In today’s trading session, gold continued its recent decline, dropping 1% to reach $2,300. Earlier in the month, the precious metal approached the $2,400 level but did not maintain it at the close of the day. This decline appears tied to a reduction in geopolitical tensions, which previously had driven investors towards the safety of gold.
Yesterday we also discussed how the rise in benchmark 10-year U.S. Treasury yields illustrates the traditional inverse relationship between yields and gold prices.
Historically, when yields climb, the opportunity cost of holding non-yielding assets like gold increases, steering investors towards assets that generate returns.

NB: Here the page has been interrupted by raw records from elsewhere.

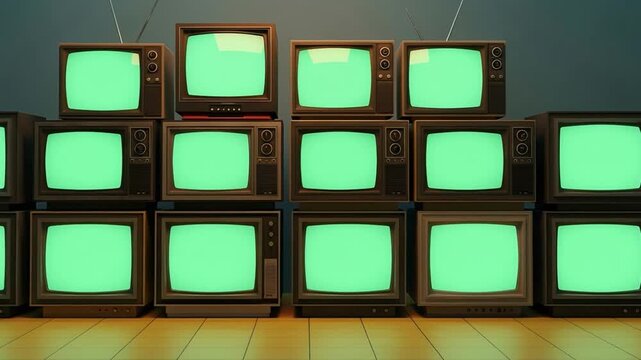 Retro Television Wall Green Screens Animated Loop Old School Media Center Display.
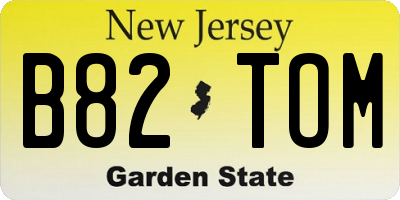 NJ license plate B82TOM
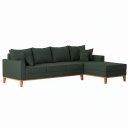 Ver imagem 3 de Sofá Beny com Chaise Direita, 2,60x1,40m, 4 Lugares, Linho, Base em Madeira.
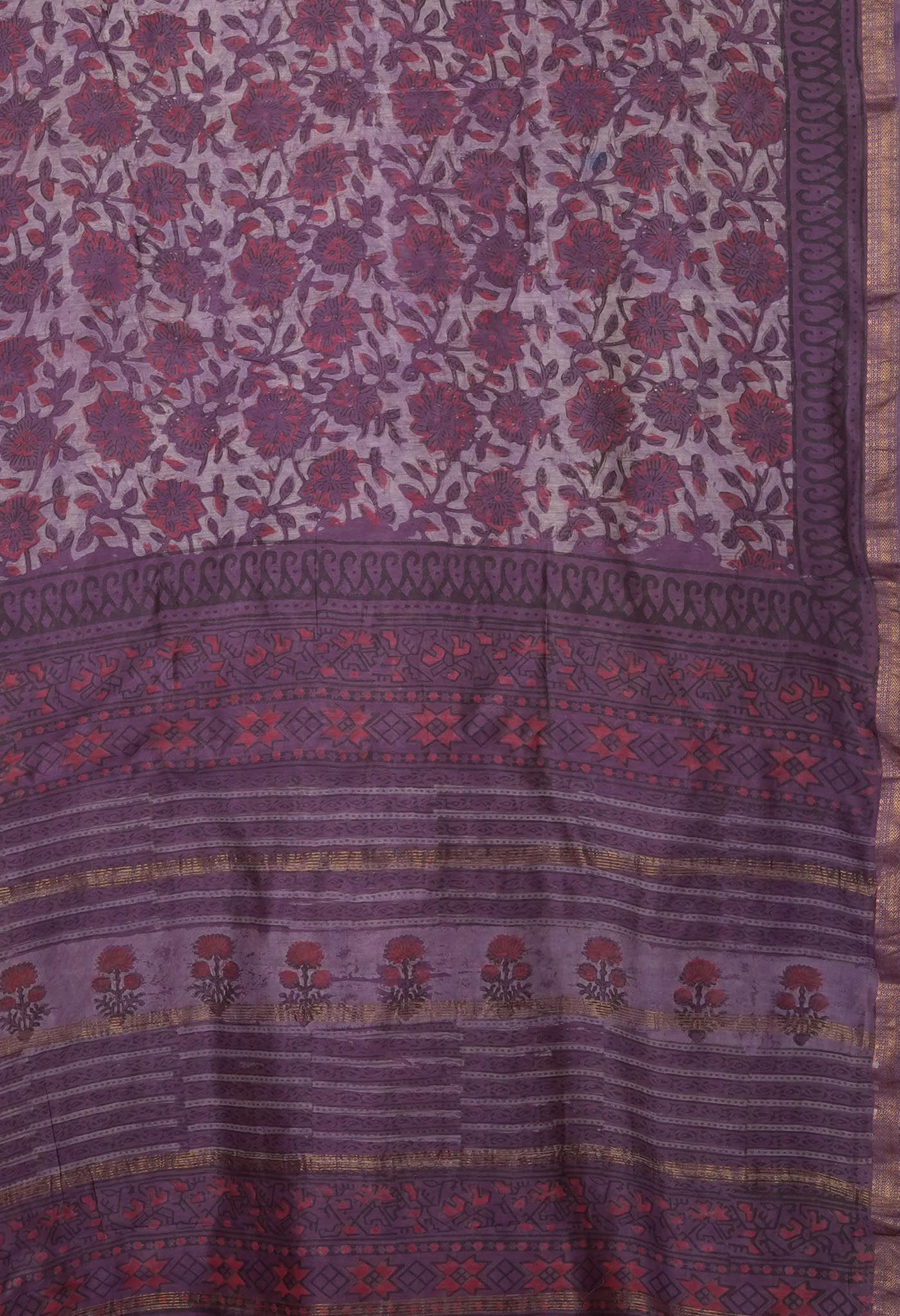 Violet Pure Vanaspathi Block Printed Maheshwari Sico Saree-UNM81774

This trend can be observed in more recent economic cycles, such as during the aftermath of the 2008 financial crisis.
As the economy stabilised and interest rates began to rise from their historic lows around 2015, gold prices experienced volatility, reflecting shifts in investor preference towards yield-bearing assets.
Over the last two months, gold increased by over 20%, but this rapid rise is now facing a corrective phase. Recent trading sessions suggest a shift, with gold beginning to trend downwards. This correction aligns with typical market behaviors observed when an asset moves up quickly.
Technically, the situation looks set to possibly extend this decline. According to Fibonacci retracement analysis, gold could find temporary support around $2,260, which marks the 38.2% retracement level. A break below this could lead the prices towards the $2,200 area.
Despite the retreat, the underlying factors that previously propelled gold upward—such as market uncertainties—still exist. This suggests that the current dip could be seen as an opportunity to buy at a lower price before any potential future increases.